Task requirements:
When you return the lines below, go from the first through the line with "See, recycle bin, Windows", keep them exact, and leave out every picture.

:: Information supplied

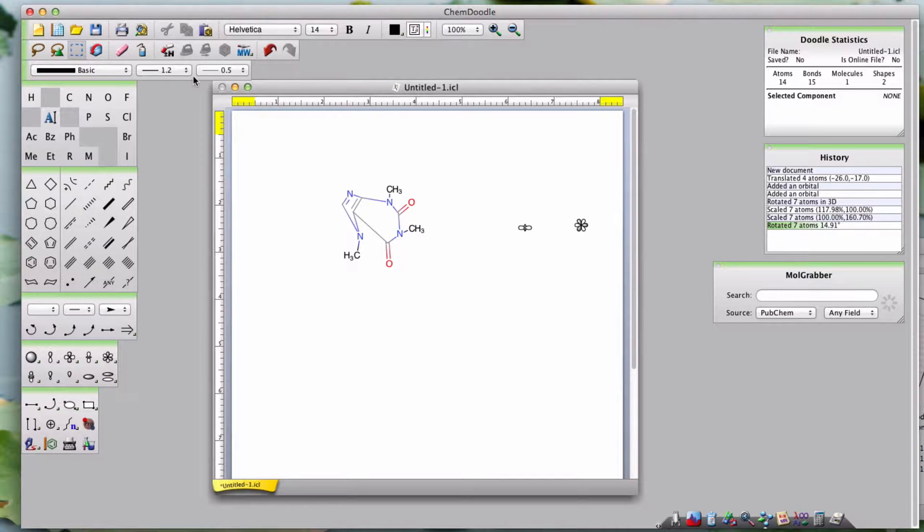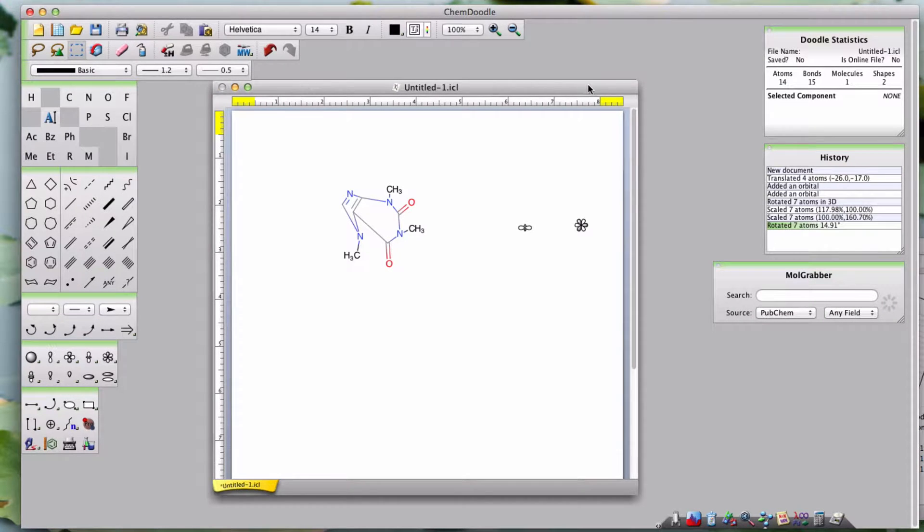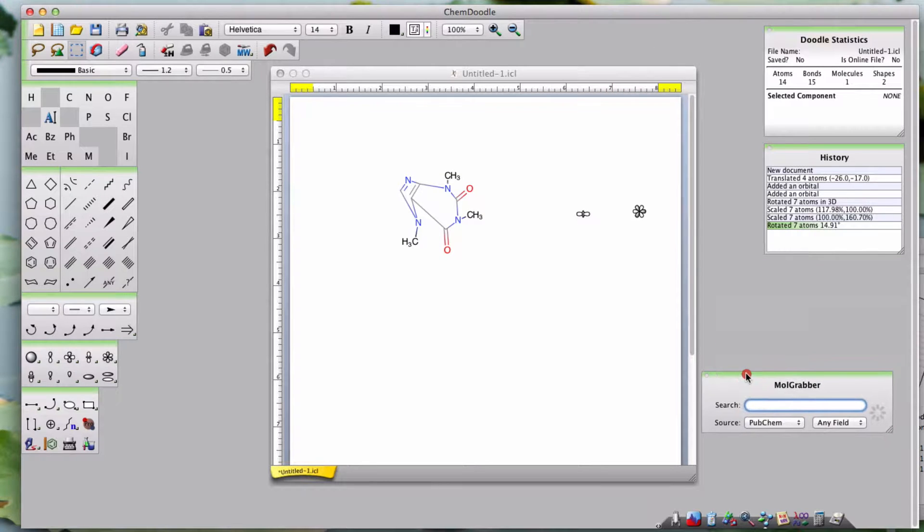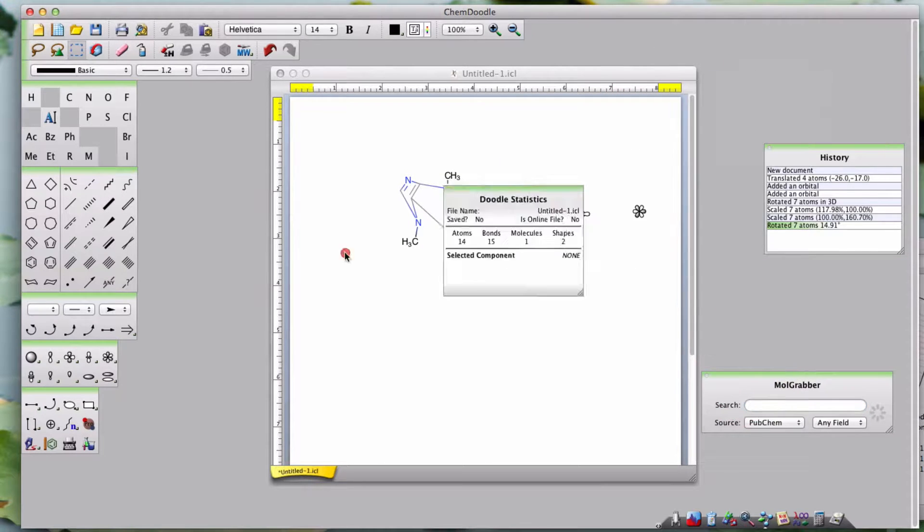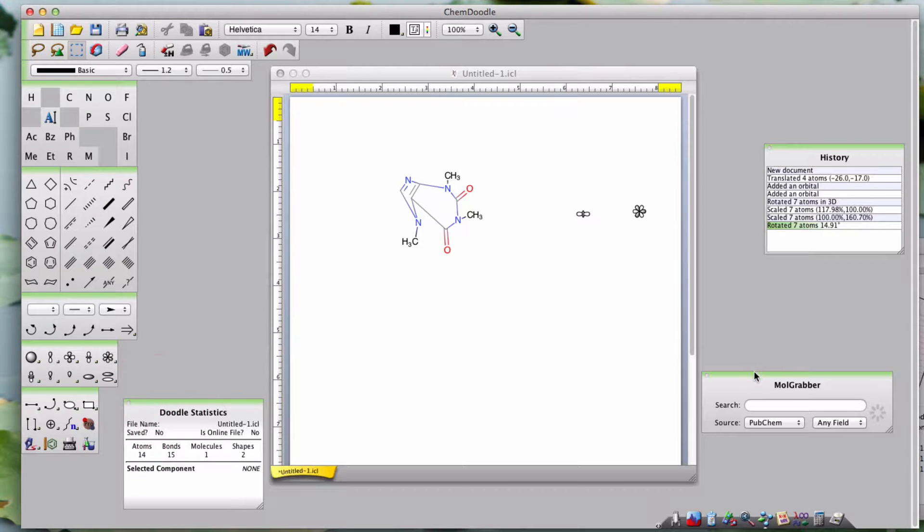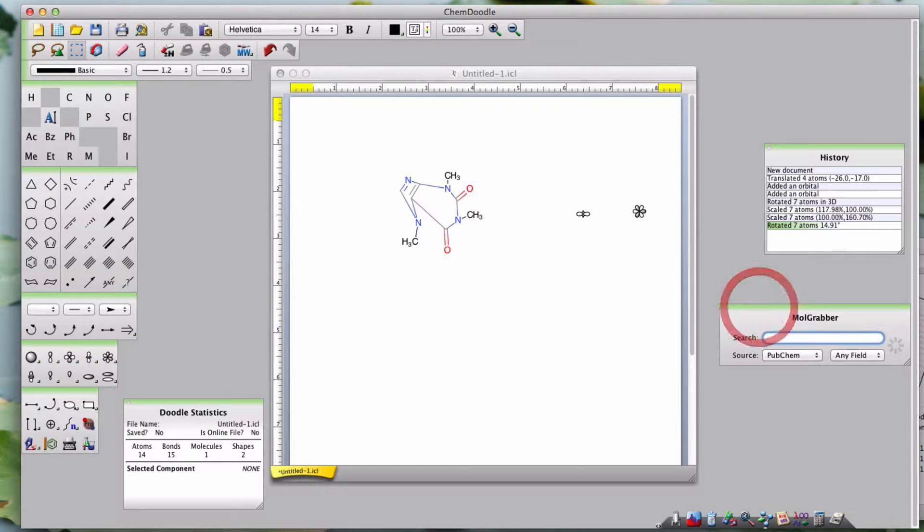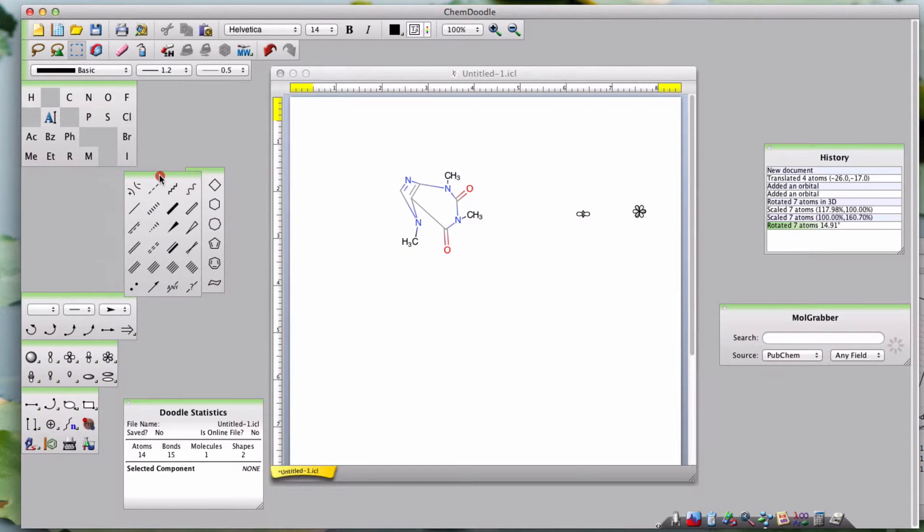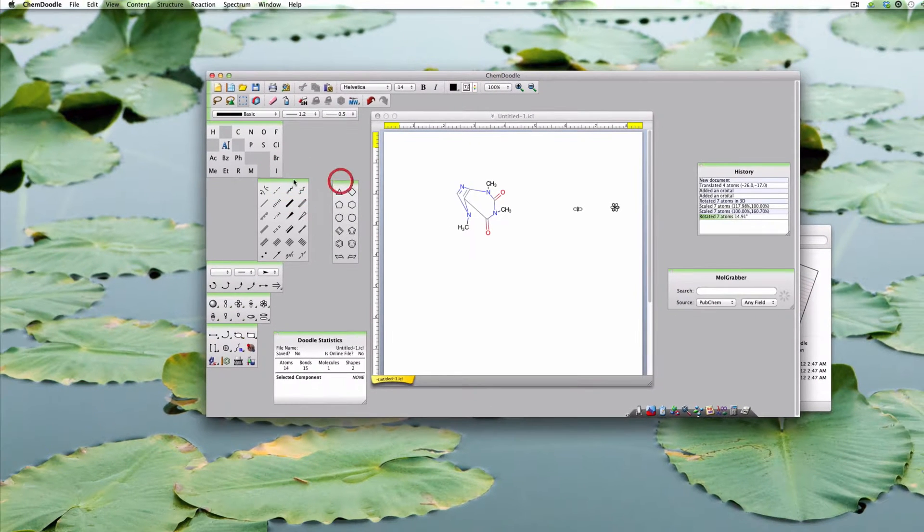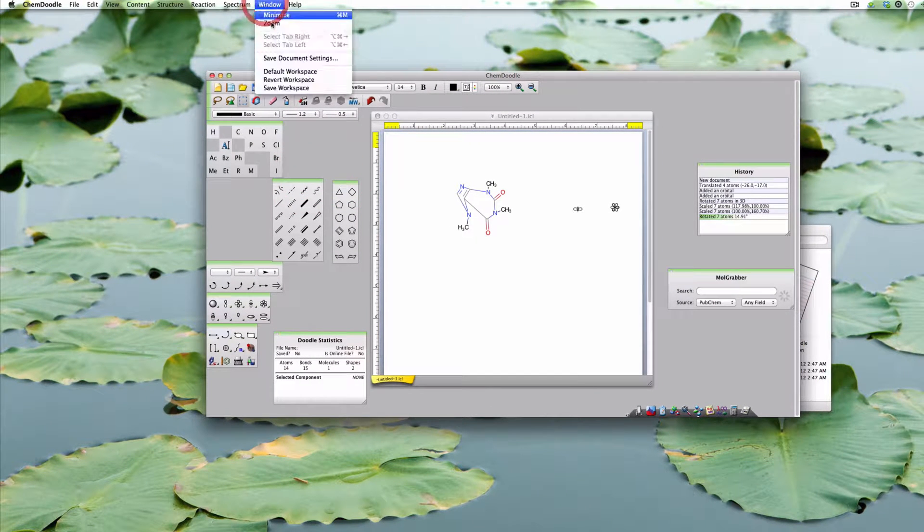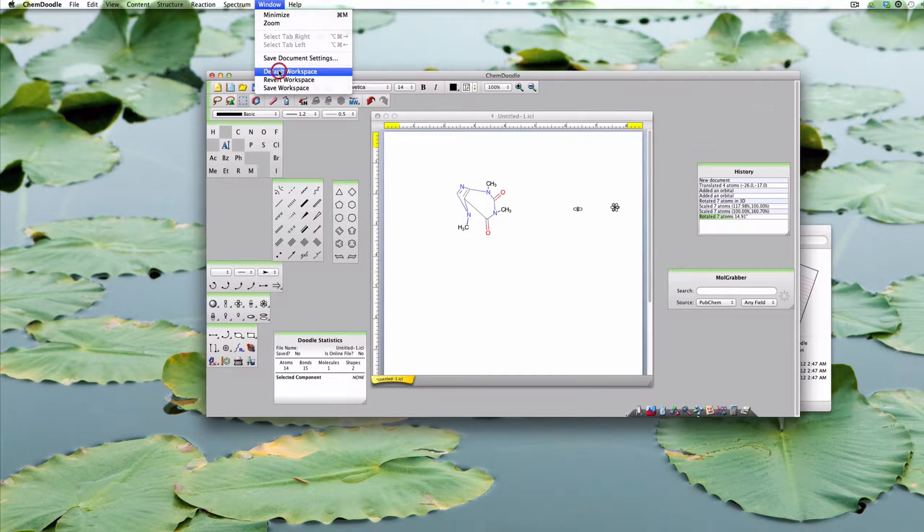The workspace can be rearranged in any manner you please. You can resize the whole area and place the toolbars in various windows, wherever is convenient for you. All changes will remain next time you boot up the program. If you don't like the change, go into Window Default Workspace and you can reset the layout.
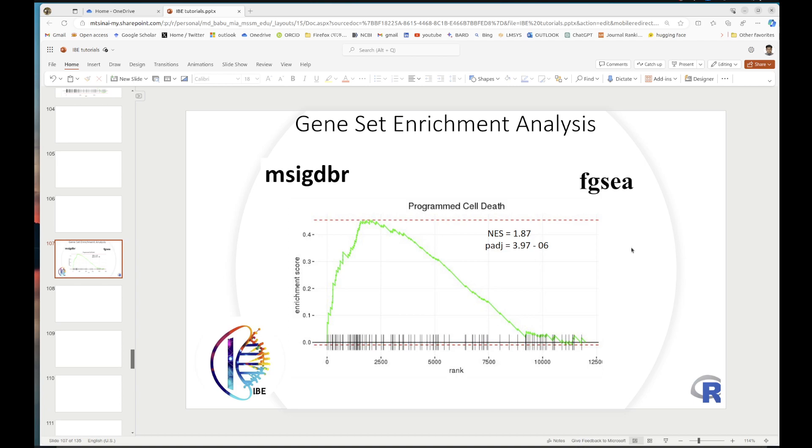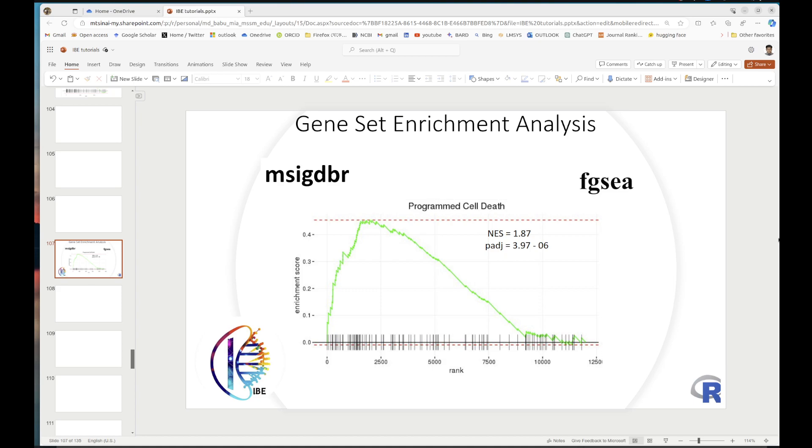One of the ways we analyzed earlier is downloading the GMT file from GSEA and running it locally - that's one sustainable way. For instance, if you want to run a lot of them and use the entire GSEA datasets to compare multiple at a time, how do you do it?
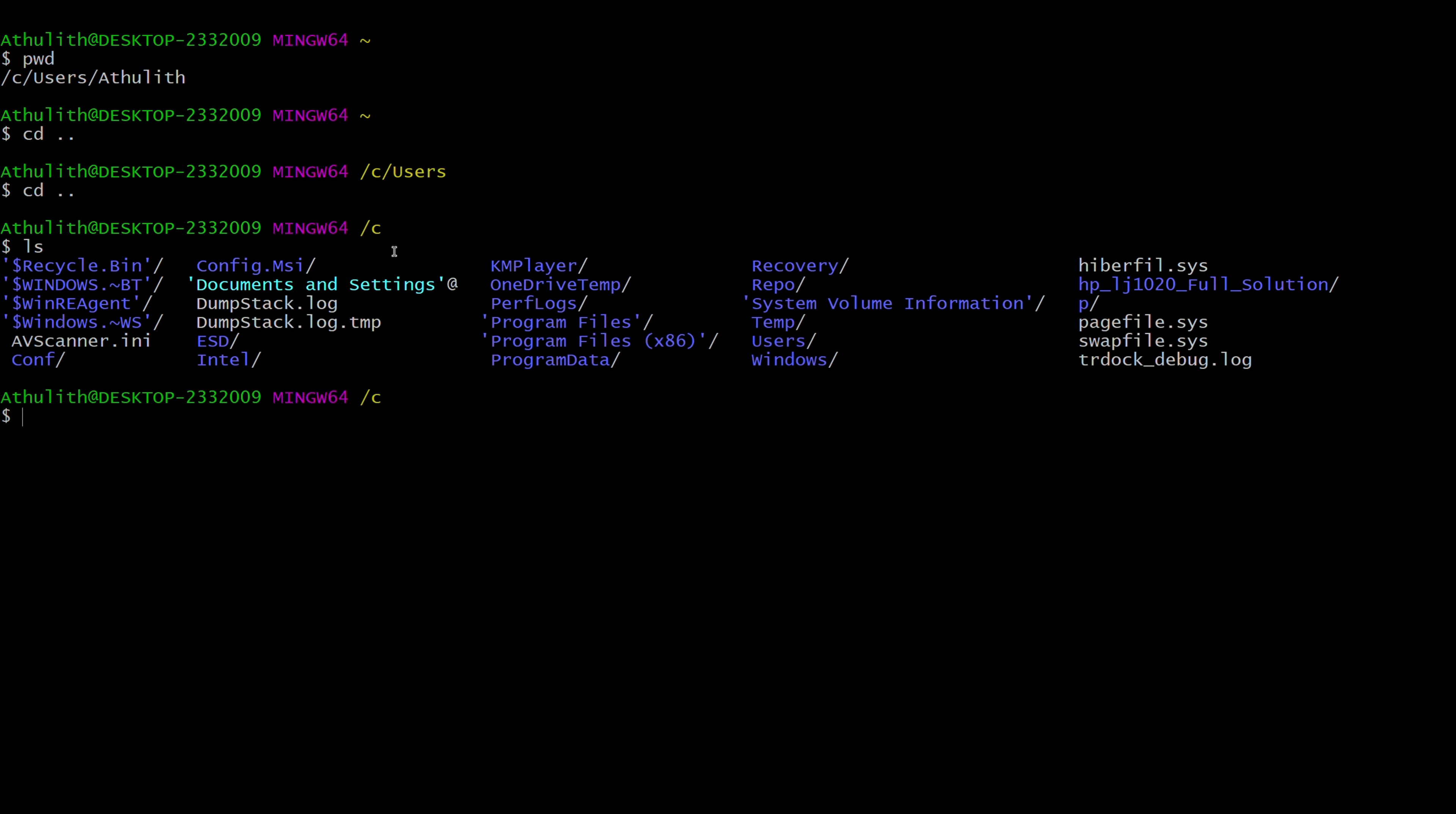See, recycle bin, Windows BT, all those system files, even the hidden files. There will be a few hidden files which will not be seen. Those also will be shown in Git Bash.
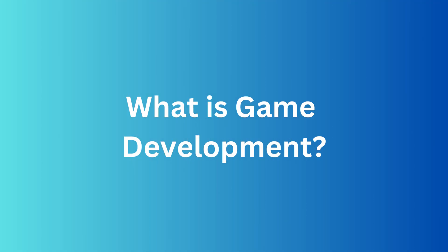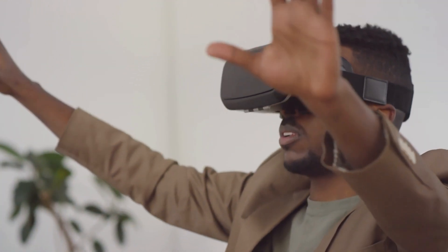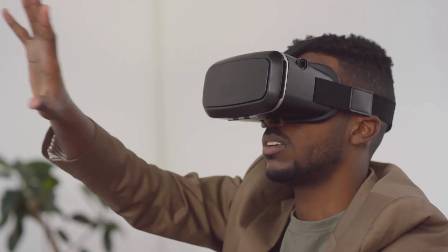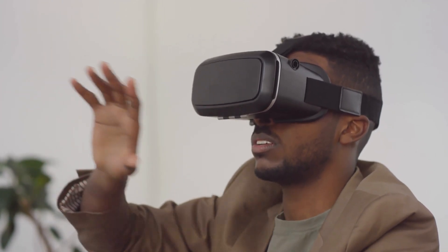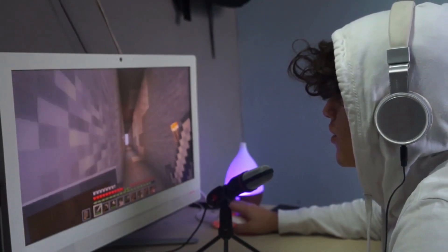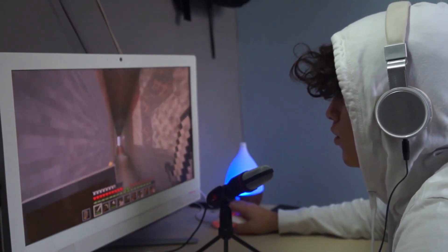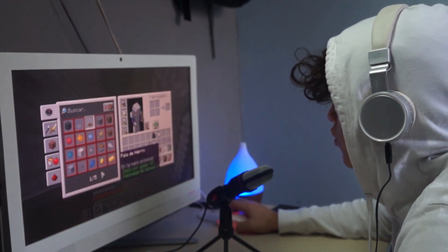What is game development? Game development is the process of creating video games. It's a complex and collaborative process that involves designing the game, coding the game mechanics, creating the art and sound assets, and testing and debugging the game. It requires a lot of skills, creativity, and patience.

::::

Response to the task:
The workspace can be rearranged in any manner you please. You can resize the whole area and place the toolbars in various windows, wherever is convenient for you. All changes will remain next time you boot up the program. If you don't like the change, go into Window Default Workspace and you can reset the layout.
One of the ways we analyzed earlier is downloading the GMT file from GSEA and running it locally - that's one sustainable way. For instance, if you want to run a lot of them and use the entire GSEA datasets to compare multiple at a time, how do you do it?
See, recycle bin, Windows BT, all those system files, even the hidden files. There will be a few hidden files which will not be seen. Those also will be shown in Git Bash.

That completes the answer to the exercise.